WNYC News | Oct 10, 2014

Nearly 100 students, teachers and residents of Park Slope, Brooklyn, met Friday evening at the John Jay Educational Campus on Seventh Avenue to discuss their experiences with the police. Many who attend one of the four schools within the campus said they often don't feel welcome in the neighborhood. Teenagers huddled in the cafeteria and told stories of being treated harshly by officers in and out of school.

The town hall was organized after police last month informed a group of black youth who were walking together that they should "get out of the neighborhood."

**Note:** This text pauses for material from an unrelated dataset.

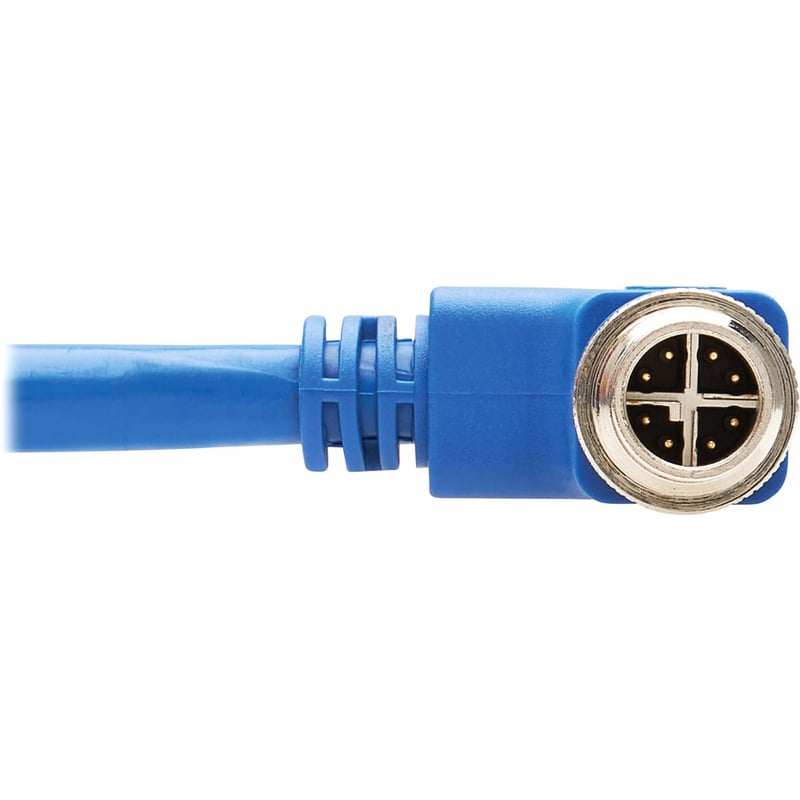 Eaton Tripp Lite Series M12 X-Code Cat6a 10G F/UTP CMR-LP Shielded Ethernet Cable (Right-Angle M12 M/RJ45 M), IP68, PoE, Blue, 10 m (32.8 ft.) - Thumbnail 4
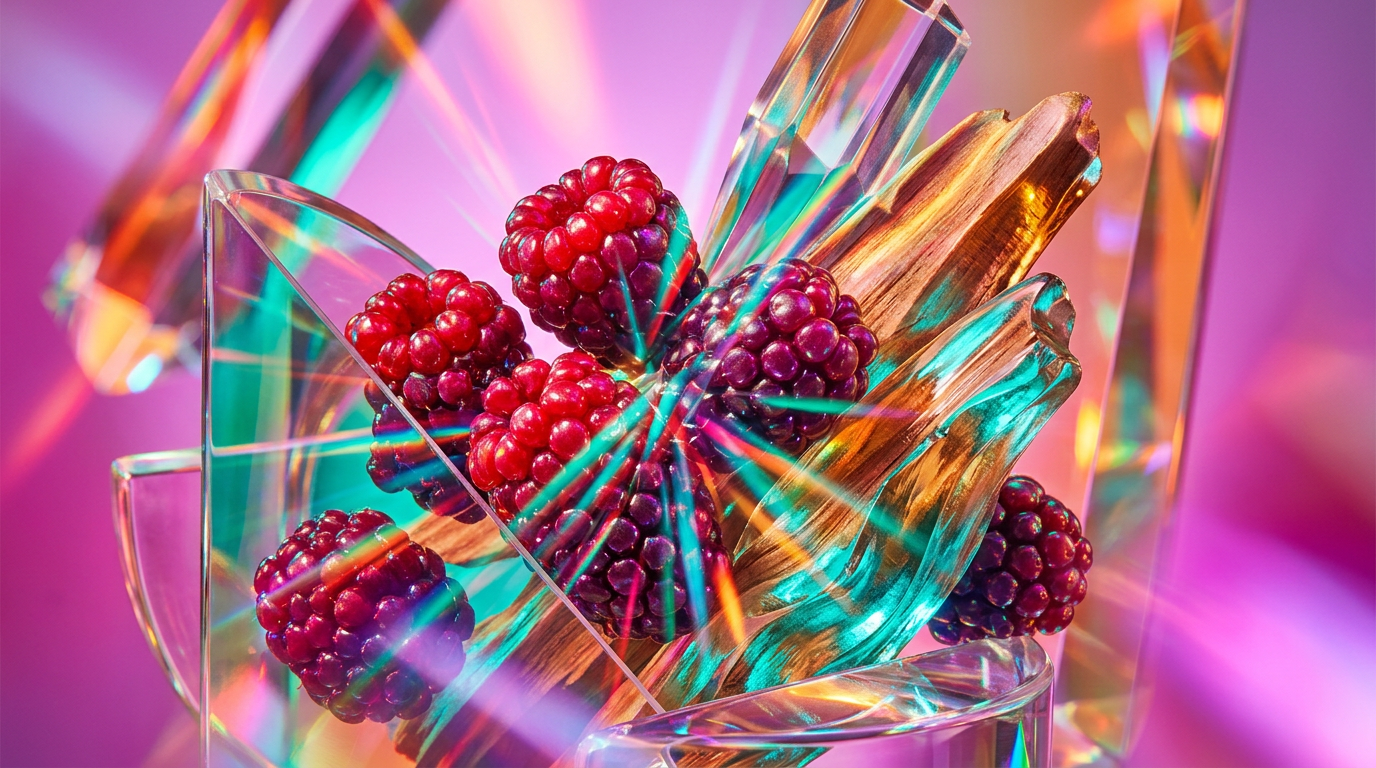 Luxury Blackberry Woods fragrance bottle and botanical elements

Students who are members of racial minorities complained that when they enter their school building, they’re required to go through scanners like criminals; when they leave, they’re shooed off campus and sometimes out of the area all together. East Flatbush resident Steven Martin, 16, said when he’s with his friends they're often told to stop whatever they're doing.  "We're teenagers you know, we're walking, and we like to play around a lot. I feel like they're trying to tell us to stop walking… stop breathing”, he said.

Michael Salak, one of the teachers at Park Slope Collegiate, which is housed within John Jay, corroborated the student’s experience.  “Our kids are being ushered away and I don’t think that is happening in all the schools.”

At the end of the two-hour meeting, Lindsay Martinez, the Deputy Director of the NYPD's School Safety Division, said he couldn’t speak for the local precinct, only for the officers who patrol schools—including the 17 who work at John Jay. He was met with boos from the crowd when he said he wasn’t made aware of mistreatment before.

"This is a first that it was brought to our attention …but we will have future meetings,” he said. Martinez also reminded attendees that 90 percent of agents are minorities and they want all students to feel comfortable and safe.